Nimmgalf schloss sein Visier und nahm die Lanze in Anschlag. Dann machte er sich bereit. Der Turnierherold gab das Zeichen, und beide Streiter setzten sich in Bewegung. Schneller, immer schneller galloppierte er auf Finstermähne an der Tjostenbahn entlang, und sein Gegner tat es ihm gleich. Noch zwanzig Schritt, noch zehn, noch fünf… der Baron erkannte, dass sein Gegner hoch zielte und winkelte seinen Schild leicht an, um seinerseits im letzten Moment die Lanze tiefer zu halten, um den gegnerischen Schild zentral zu treffen. Der Aufprall war gewaltig wie ein titanischer Hammer, der auf den Amboss eines Riesen trifft. Ein Aufschrei ging durch die Menge. Jubel und Entsetzen paarten sich in einer grotesken Kakophonie. Nimmgalf wurde zur Seite gerissen und spürte einen großen Schmerz in der linken Schulter, wo ihn die gegnerische Lanze getroffen und ein Stück seiner Rüstung weggerissen hatte. Doch er schaffte es noch mit letzter Kraft sich festzuhalten. Mit großer Mühe zog er sich wieder hoch in den Sattel und blickte sich um. Sein Gegner lag auf dem Rücken in einer Blutlache. Graf Danos Lanze hatte seinen Schild und ihn selbst komplett durchbohrt. Die herbeieilenden Heiler konnten nur noch den Tod des alten Ritters feststellen.

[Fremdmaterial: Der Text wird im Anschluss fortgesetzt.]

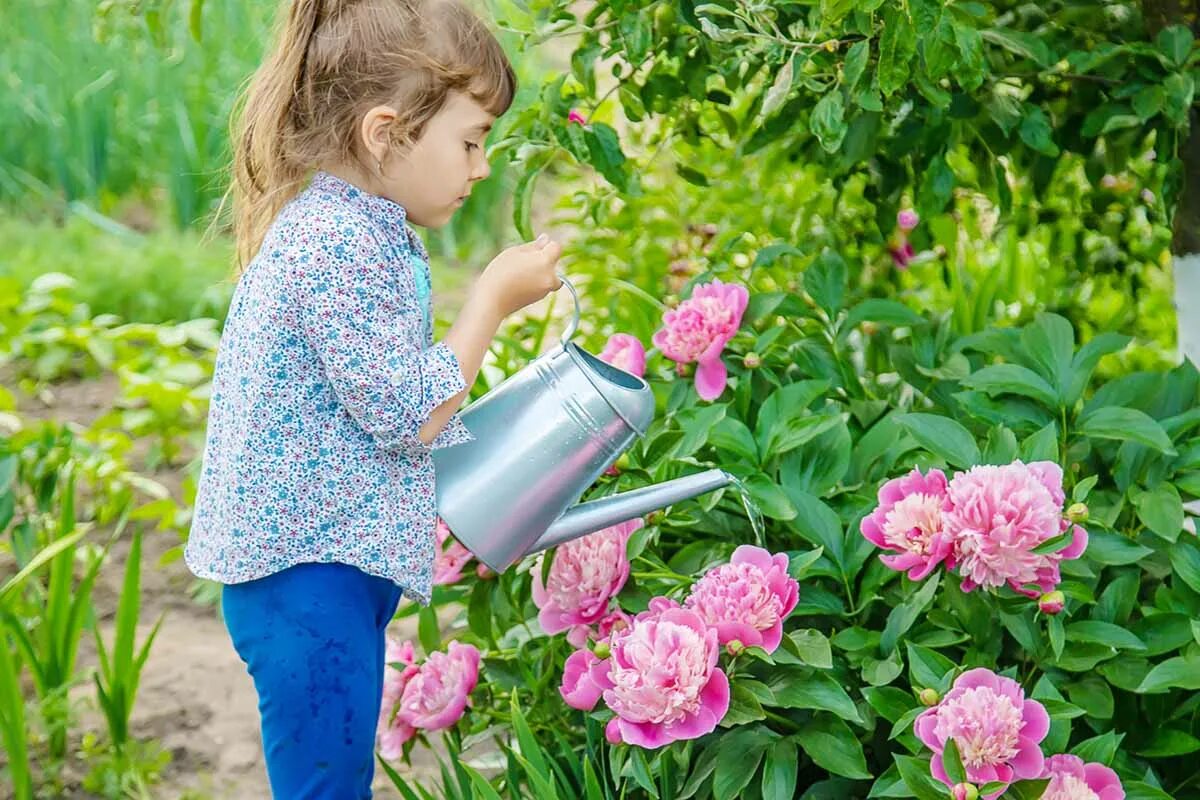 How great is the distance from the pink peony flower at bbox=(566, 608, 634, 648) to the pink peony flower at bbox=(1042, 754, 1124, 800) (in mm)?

Noch ein toter Turniergegner, das hatte er nicht gewollt, und es ließ den Preis für diesen ohnehin schon teuren Sieg arg in die Höhe schnellen. Aber nichtsdestotrotz war es ein Sieg. Und dieses mal ein großer!

Zum Glück, hörte man gleichzeitig erste Gerüchte vom harten (und gerechten?) Vorgehen der Perricumer Truppen auf ihren ersten Missionen, und das sie wohl tatsächlich auch auf den Norden Reichsforsts ziehen würden.